AAAI Conference 2025 Conference Paper
Bagging-Expert Network for Multi-Task Learning: A Depolarization Solution in Multi-Gate Mixture-of-Experts
- Gong-Duo Zhang
- Ruiqing Chen
- Qian Zhao
- Zhengwei Wu
- Fengyu Han
- Huan-Yi Su
- Ziqi Liu
- Lihong Gu
Multi-task learning (MTL) is widely utilized across a variety of real-world applications, including recommendation systems. For instance, in the field of e-commerce, MTL is commonly employed to simultaneously model click, conversion, and user dwelling time.

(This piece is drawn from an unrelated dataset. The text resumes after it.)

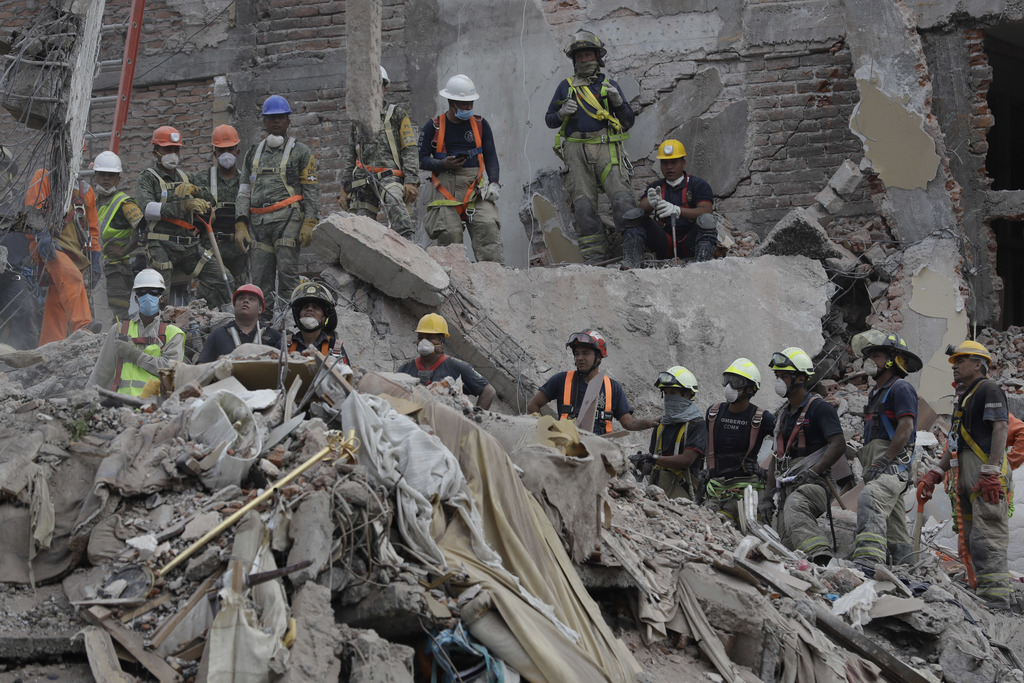 Une semaine après le séisme, les sauveteurs mexicains et étrangers s'activent encore sur une poignée de sites de la capitale mexicaine.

Among a various of MTL models, the Multi-gate Mixture-of-Experts (MMoE) has gained significant popularity. However, MMoE suffers from the polarization issue during training, where the weights of certain experts tend to converge towards 0. To address this issue, we propose a novel method called Bagging-Expert network (BEnet) for multi-task learning. BEnet effectively mitigates the problem of polarization and achieves excellent performance in multi-task learning. It incorporates a bagging layer and an attention mechanism to encourage experts focusing on diverse knowledge domains. Simultaneously, polarization is avoided as different experts execute respective duties and specialize in distinct domains. Experimental results on real-world datasets demonstrate that BEnet has strong robustness and outperforms other state-of-the-art (SOTA) MTL methods.